Channel benchmarks (meta-pytorch#627)

eliothedeman · facebook-github-bot · commit 2ab02d8dafb0 · 2025-07-23T11:43:37.000-07:00
Summary: Pull Request resolved: meta-pytorch#627 Differential Revision: D78755894
diff --git a/hyperactor/Cargo.toml b/hyperactor/Cargo.toml
@@ -1,4 +1,4 @@
-# @generated by autocargo from //monarch/hyperactor:[hyperactor,hyperactor-example-derive]
+# @generated by autocargo from //monarch/hyperactor:[channel_benchmarks,hyperactor,hyperactor-example-derive]
 
 [package]
 name = "hyperactor"
@@ -9,6 +9,10 @@ description = "a high-performance, scalable actor framework for cluster computin
 repository = "https://github.com/pytorch-labs/monarch/"
 license = "BSD-3-Clause"
 
+[[bin]]
+name = "channel_benchmarks"
+path = "benches/channel_benchmarks.rs"
+
 [[bin]]
 name = "hyperactor_example_derive"
 path = "example/derive.rs"
@@ -21,6 +25,7 @@ bincode = "1.3.3"
 bytes = { version = "1.9.0", features = ["serde"] }
 cityhasher = "0.1.0"
 crc32fast = "1.4"
+criterion = { version = "0.5.1", features = ["async_tokio", "csv_output"] }
 dashmap = { version = "5.5.3", features = ["rayon", "serde"] }
 derivative = "2.2"
 dns-lookup = "1.0"
diff --git a/hyperactor/benches/README.md b/hyperactor/benches/README.md
@@ -0,0 +1,139 @@
+# Hyperactor Channel Benchmarks
+
+This directory contains comprehensive benchmarks for the Hyperactor channel system using the Criterion benchmarking framework.
+
+## Overview
+
+The benchmark harness tests various aspects of channel performance:
+
+1. **Channel Creation** - Benchmarks the cost of creating channels (dial/serve operations)
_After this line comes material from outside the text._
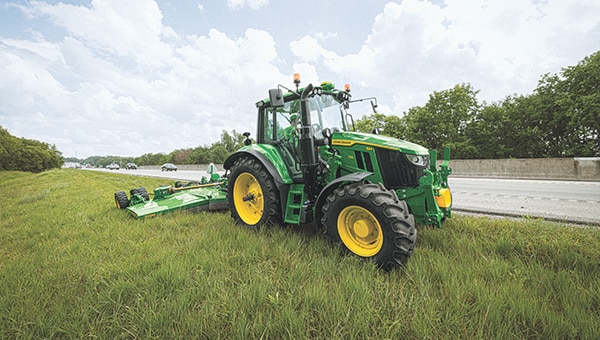 Green tractor towing rotary mower on grassy roadside near highway with concrete barrier and cloudy sky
+2. **Message Sending** - Tests different sending methods (`try_post`, `post`, `send`)
+3. **Message Sizes** - Compares performance with different message sizes (small, medium, large)
+4. **Throughput** - Measures messages per second for different transports
+5. **Latency** - Round-trip latency measurements
+6. **Transport Comparison** - Performance comparison between different transport types
+
+## Supported Transports
+
+The benchmarks test the following channel transports:
+
+- **Local** - In-process channels using mpsc
+- **TCP** - Network channels over TCP
+- **Unix** - Unix domain socket channels
+
+## Message Types
+
+Three message types are used to test different payload sizes:
+
+- **SmallMessage** - ~16 bytes (id + value)
+- **MediumMessage** - ~1KB (id + 1KB data)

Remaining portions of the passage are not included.